Permanence
[From private correspondence]
Correspondent: What exactly is ‘permanent’ in each person?
Their existence as a unit. When someone dies, the story of their life is written and sealed. What they did, what they were, the sum totality of their lives isn’t going to change, ever. It is fixed. This is why “death is the crown of all.”
You can’t think of “permanent” in this sense as meaning “exactly the same on May 5th, 1980 as it was on January 12th, 1991” or anything like that. “Die daily!” illustrates that what constitutes the “self” changes with every passing moment. The self is not a momentary thing, it is a collection of point-events.
In one sense, that collection of point-events grows throughout life, and stops growing upon death, giving it a fixed, concrete nature. In another sense it was of a fixed, concrete nature before it even “began”. In either sense, “permanent” does not have to mean “currently in manifest existence”; the Battle of Hastings is part of history, for example, and it will always be a part of history. Permanently.

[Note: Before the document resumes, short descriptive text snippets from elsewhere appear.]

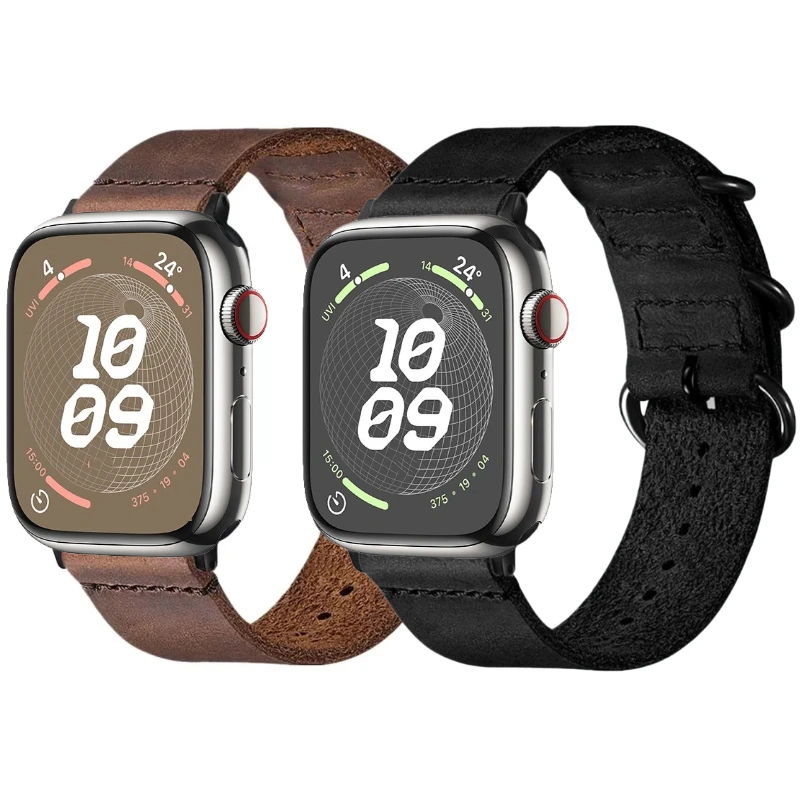 High quality watch strap For Apple watch Ultra 9 8 7 49mm 45mm 41mm Business Wristband For iwatch 6 5 4 3 2 SE 44mm 40mm 42mm
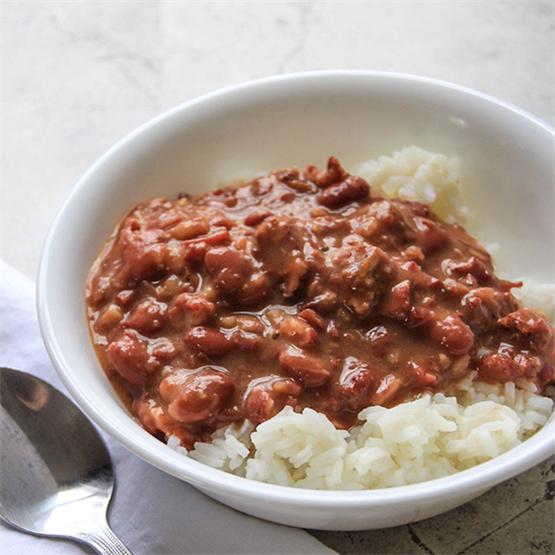 Lone Star Red Beans & Rice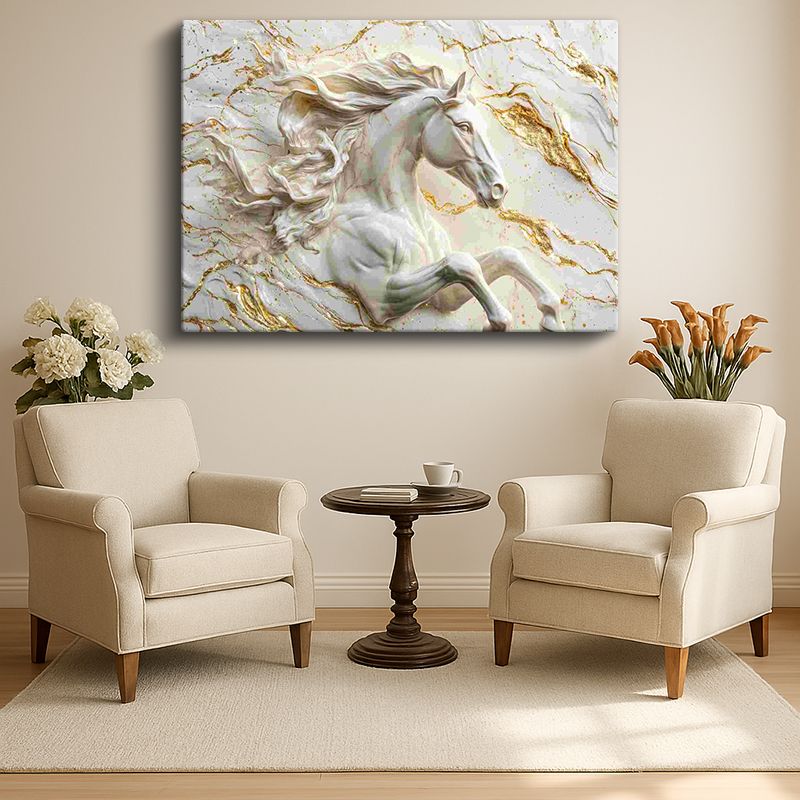 Hayvan Kanvas Tablo 688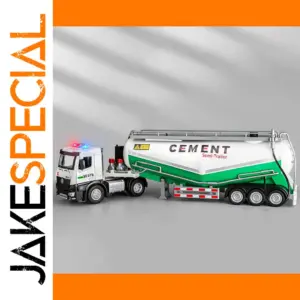 1:18 Scale Cement Mixer Truck Model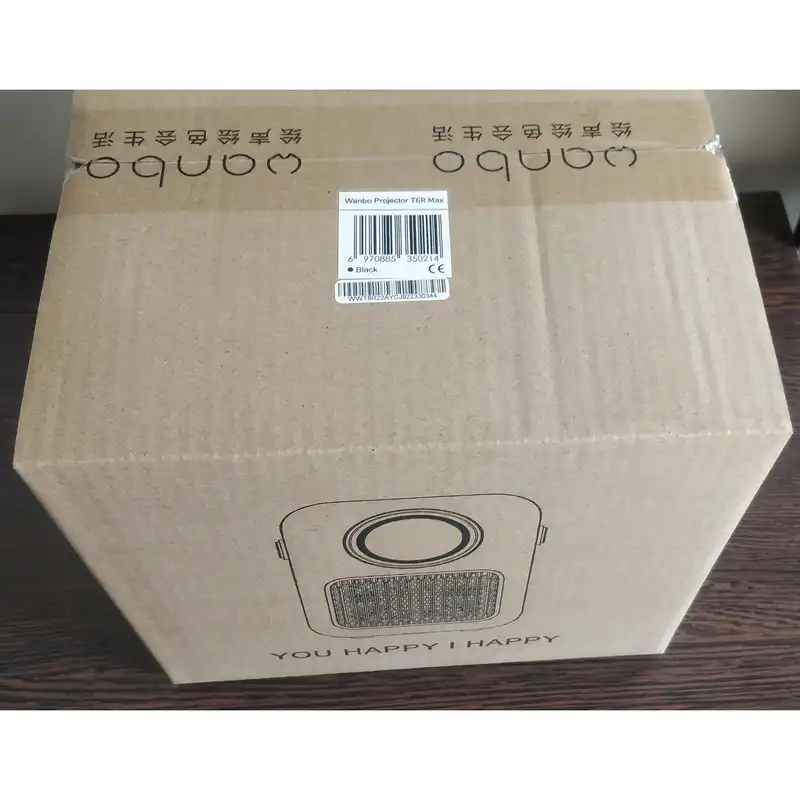 ویدئو پروژکتور ونبو مدل T6R MAX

Again, “Do that and no other shall say nay,” since once you’ve actually done something, it cannot be undone, regardless of whether or not its effects can be reversed; once it’s happened, that happening cannot be reversed, and has become permanent. Similarly, the collection of happenings that constitute the self, once happened, cannot “unhappen,” and so are permanent.
The “Hadit that is the core of every star” is that centre upon which all these point-events concentrate to give an identity; a house-brick is ultimately a collection of sub-atomic particles, strings, whatever they are, and whatever it is that surrounds the brick is similarly constructed, and on a small enough scale there is nothing to really determine “brick” from “non-brick.” Furthermore, over time it may start off as sand, progress to being a half-brick, and progress further to being not a brick at all. Nevertheless, at this point in time, a house-brick it remains. It is that individuality, that identification of it as a discrete unit, an individual, that it the “Hadit at its core.” Same thing applies to people.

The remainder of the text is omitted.